A prominent Stanford University computer scientist is reportedly creating a start-up that uses three-dimensional visual observations to improve the reasoning of which artificial intelligence (AI) models are capable, in what could be a significant step ahead for the popular technology.
Fei-Fei Li recently raised funds for the company in a seed funding round whose investors included Silicon Valley venture firm Andreessen Horowitz, as well as Radical Ventures, a Canadian firm Li has worked for as scientific partner since last year, Reuters reported, citing unnamed sources.
The start-up is reportedly based on concepts Li spoke of at the TED conference in Vancouver last month, which she termed “spatial intelligence”, involving AI that can extrapolate based on observations of three-dimensional environments and act based on those extrapolations.
During the talk Li showed a picture of a cat pushing a glass toward the edge of a table and spoke of how the human mind could assess what was happening and take action to prevent the glass from falling.
‘Spatial intelligence’
“Nature has created this virtuous cycle of seeing and doing, powered by spatial intelligence,” Li said at the time.
Li co-directs Stanford’s Human-Centered AI Institute, which she said at the TED talk was trying to teach computers “how to act in the 3D world”, for instance by using a large language model (LLM) to enable a robotic arm to perform tasks such as opening a door or making a sandwich in response to verbal instructions.
Such technology may be significant for AI, which has come to prominence over the past year and a half following the launch of OpenAI’s ChatGPT, which initiated a [rush of user interest and corporate investment](https://www.silicon.co.uk/e-management/lay-off/ai-poses-jobs-apocalypse-warns-report-5564780 into “generative AI” technologies.
Such technologies, generally powered by large language models (LLMs), have limitations including a tendency to generate text that includes a mixture of false and accurate information, a phenomenon known as “hallucination”.
Limits of language
“Spatial intelligence” could be a way to temper such tendencies by grounding them in three-dimensional visual information.
Li spoke of the issue most recently at the Team ’24 tech conference in Las Vegas last week, citing the limits of language, which she said is “the most lossy representation of our world”.

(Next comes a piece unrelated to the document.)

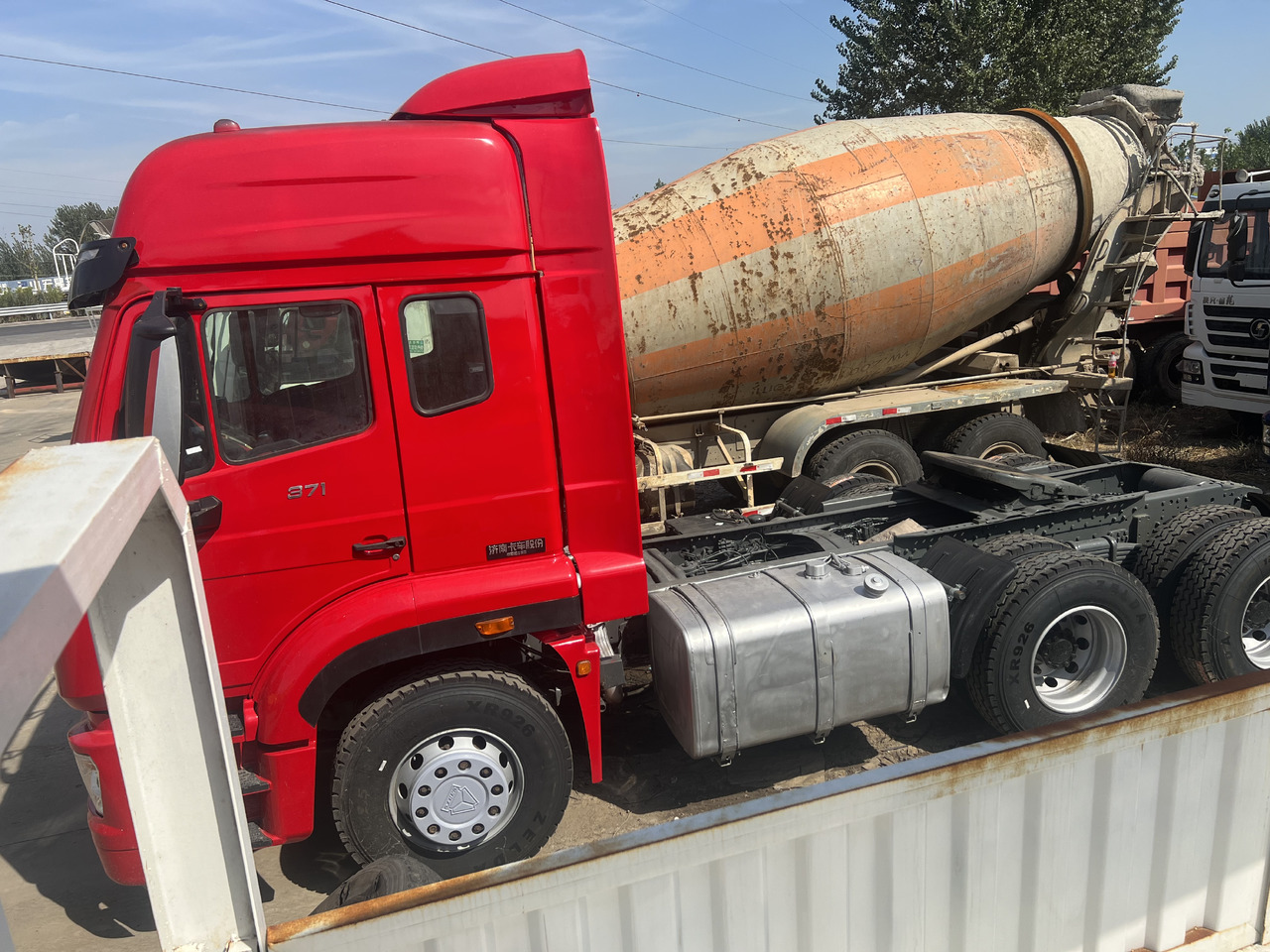 SINOTRUK HOWO trailer head - Влекач: снимка 5 SINOTRUK HOWO trailer head - Влекач: снимка 5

“We open our eyes, we hug the people we love, we take care of the patch of garden we love,” she said at a panel discussion.
“Our interaction, our relationship with this world is so much more profound than just the syllabus of words. There’s so much more AI technology can do to help us to interact with the world, interact with each other, beyond the form of language, snd that’s what I’m excited about.”
Li added that she hopes such applications will transform “especially healthcare and education”.